Thursday, 04 June 2015

CANBERRA, Australia—Australia’s tough approach to asylum seekers could become a model, with Australia’s government saying it has been approached by Southeast Asian nations looking to learn from its border-security approach.

Foreign-ministry officials told lawmakers on Tuesday that far from criticizing Australia’s refusal to accept migrants, several countries at a May meeting in Thailand on the region’s asylum-seeker crisis had sought its help on deterrence measures.

“If anything, there was positive interest in what we were doing and how we were doing it,” said Andrew Goledzinowski, appointed last year as Australia’s envoy for people-smuggling issues. “There was intention on the part of some delegations to continue that dialogue bilaterally.”

Australia’s Prime Minister Tony Abbott has been strongly criticized by refugee advocates and humanitarian groups for not matching offers from the U.S. and the Philippines to help resettle Burmese Rohingya and Bangladeshi migrants fleeing persecution or poverty. Instead he has offered a blunt “nope, nope, nope.”

Mr. Abbott last month said offering asylum seekers temporary haven in Australia could inflame rather than ease Southeast Asia’s human-trafficking problem, by encouraging more people to risk their lives by attempting the crossing.

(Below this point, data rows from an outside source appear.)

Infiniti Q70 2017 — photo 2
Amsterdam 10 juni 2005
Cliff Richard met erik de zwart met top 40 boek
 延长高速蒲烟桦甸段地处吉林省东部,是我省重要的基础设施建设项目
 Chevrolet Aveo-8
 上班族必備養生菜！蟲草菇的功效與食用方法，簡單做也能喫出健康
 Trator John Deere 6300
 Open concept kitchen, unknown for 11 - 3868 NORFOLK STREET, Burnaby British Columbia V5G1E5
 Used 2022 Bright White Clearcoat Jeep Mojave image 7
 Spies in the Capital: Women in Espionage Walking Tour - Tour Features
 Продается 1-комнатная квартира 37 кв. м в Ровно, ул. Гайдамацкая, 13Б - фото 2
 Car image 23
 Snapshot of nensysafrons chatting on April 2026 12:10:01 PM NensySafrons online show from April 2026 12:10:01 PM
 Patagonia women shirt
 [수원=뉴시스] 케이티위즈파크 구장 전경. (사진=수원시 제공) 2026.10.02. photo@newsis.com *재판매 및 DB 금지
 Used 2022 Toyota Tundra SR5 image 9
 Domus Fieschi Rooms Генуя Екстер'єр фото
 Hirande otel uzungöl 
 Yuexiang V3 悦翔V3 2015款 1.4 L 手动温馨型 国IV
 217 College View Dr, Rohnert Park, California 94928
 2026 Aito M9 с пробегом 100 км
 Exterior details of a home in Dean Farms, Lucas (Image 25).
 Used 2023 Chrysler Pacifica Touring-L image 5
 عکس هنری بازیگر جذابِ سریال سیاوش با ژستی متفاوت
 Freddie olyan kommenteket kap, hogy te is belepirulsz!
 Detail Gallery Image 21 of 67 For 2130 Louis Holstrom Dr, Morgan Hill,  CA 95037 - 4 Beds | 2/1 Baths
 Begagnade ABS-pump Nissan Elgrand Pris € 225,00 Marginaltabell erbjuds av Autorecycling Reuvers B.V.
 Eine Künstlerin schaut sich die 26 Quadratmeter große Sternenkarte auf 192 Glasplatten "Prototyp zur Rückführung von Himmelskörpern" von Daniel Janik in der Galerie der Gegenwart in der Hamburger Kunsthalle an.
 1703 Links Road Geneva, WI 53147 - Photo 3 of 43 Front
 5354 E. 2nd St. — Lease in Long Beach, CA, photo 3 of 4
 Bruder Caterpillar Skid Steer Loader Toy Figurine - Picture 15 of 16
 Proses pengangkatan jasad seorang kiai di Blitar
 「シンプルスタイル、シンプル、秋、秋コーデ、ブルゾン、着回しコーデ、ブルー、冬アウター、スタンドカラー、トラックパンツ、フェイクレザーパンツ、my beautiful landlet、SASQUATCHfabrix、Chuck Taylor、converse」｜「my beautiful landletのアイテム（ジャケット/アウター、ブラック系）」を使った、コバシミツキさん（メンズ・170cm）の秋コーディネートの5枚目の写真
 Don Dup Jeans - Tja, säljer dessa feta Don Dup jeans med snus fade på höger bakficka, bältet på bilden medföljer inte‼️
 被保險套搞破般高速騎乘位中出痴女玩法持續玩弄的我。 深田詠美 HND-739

The conservative government led by Mr. Abbott has enacted one of the toughest anti-asylum border operations in the world, with a military-led blockade of approaching boats and an uncompromising public campaign in asylum-source countries. Billboards in countries including Indonesia and Pakistan declare in block letters, “No way. You will not make Australia home.”

Since hundreds of would-be migrants drowned in the Mediterranean trying to get from Africa to Europe in April, Mr. Abbott has also held up his country’s immigration approach—criticized by the United Nations as a rejection of Australia’s refugee obligations—as a model for European governments vexed by their own burgeoning migrant problem.

Mr. Goledzinowski told a committee of lawmakers with foreign-affairs oversight that around 3,000 migrants were still thought to be at sea in Southeast Asia, although there is considerable uncertainty given the opaqueness of the people-trafficking trade.

He said none of Australia’s neighbors—a group in which he included Thailand, Malaysia and Indonesia—had asked the country to accept migrants on humanitarian grounds. By contrast, Australia’s communications strategies to deter asylum seekers had drawn considerable interest, he said.

“My expectation is that one and possibly more countries will come to us in the next weeks and months looking for specific assistance and advice on how to implement strategic communications strategies to try and counter the message of people traffickers and smugglers,” Mr. Goledzinowski said.